Pero respecto a los faros, esa moderna obsesión por el utilitarismo —todo debe servir par algo— me mantuvo preocupado durante un tiempo. Hace veinte años leí un artículo que vaticinaba que, gracias la generalización del uso del GPS en la navegación marítima, todos los faros acabarían desconectados. Imaginé entonces un mundo sin luces intermitentes durante la noche, una línea de costa sin destellos en la oscuridad, una frontera entre la tierra y el agua, entre el cielo y la tierra, delimitada exclusivamente por los satélites y la tecnología digital. Y pensé que, como en tantas otras cosas, el cambio sería peor.
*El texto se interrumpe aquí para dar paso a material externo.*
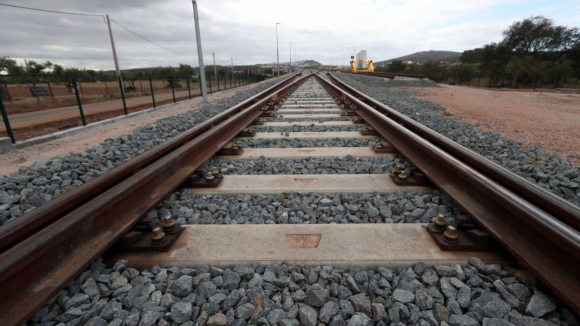 Linha do Norte. Circulação ferroviária suspensa devido a abalroamento em Souselas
Afortunadamente, el autor de aquel texto erró en su vaticinio. Los faros siguen brillando. Algunos han sido reconvertidos en restaurantes y hoteles cuquis, pero no se han apagado. Pocas construcciones humanas poseen un carácter simbólico tan fuerte como el de los faros. Todos responden a una historia, a menudo trágica. Se levantan donde hubo lágrimas para evitar nuevos dramas. A veces los relaciono con los cementerios, porque pienso que mantenerlos iluminando es una manera de visitar las tumbas y honrar la memoria de los que se ahogaron frente a sus costas. Cada noche que se enciende un faro le ponemos una vela a los muertos de los naufragios.

Entiendo que, más allá de su utilidad, el significado profundo de los faros no sea comprensible para todo el mundo. El faro es un elemento de comunicación con lo que no se nos escapa, con lo que no vemos, con lo que no logramos entender. El faro nos conecta con el misterio, con lo infinito, y ese nexo precisa de un sentido de la trascendencia que no necesariamente ha de ser religioso. Una luz que pone a salvo y al mismo tiempo advierte del peligro nos está diciendo que somos algo mas que materia, algo más que la propia tierra que señala el faro.

Aunque no naveguemos, siento que los faros nos guían porque, más allá de la tecnología, nos remiten al humanismo, a una presencia civilizadora del ser humano como centro de todas las cosas. El jueves pasado se celebró el Día Mundial de los Faros y yo lo celebré llegando esa tarde al de Finisterre, tras recorrer a pie durante seis jornadas 150 kilómetros de la Costa da Morte, en Galicia. Toqué físicamente cada uno de los faros del camino, y vi algo de luz.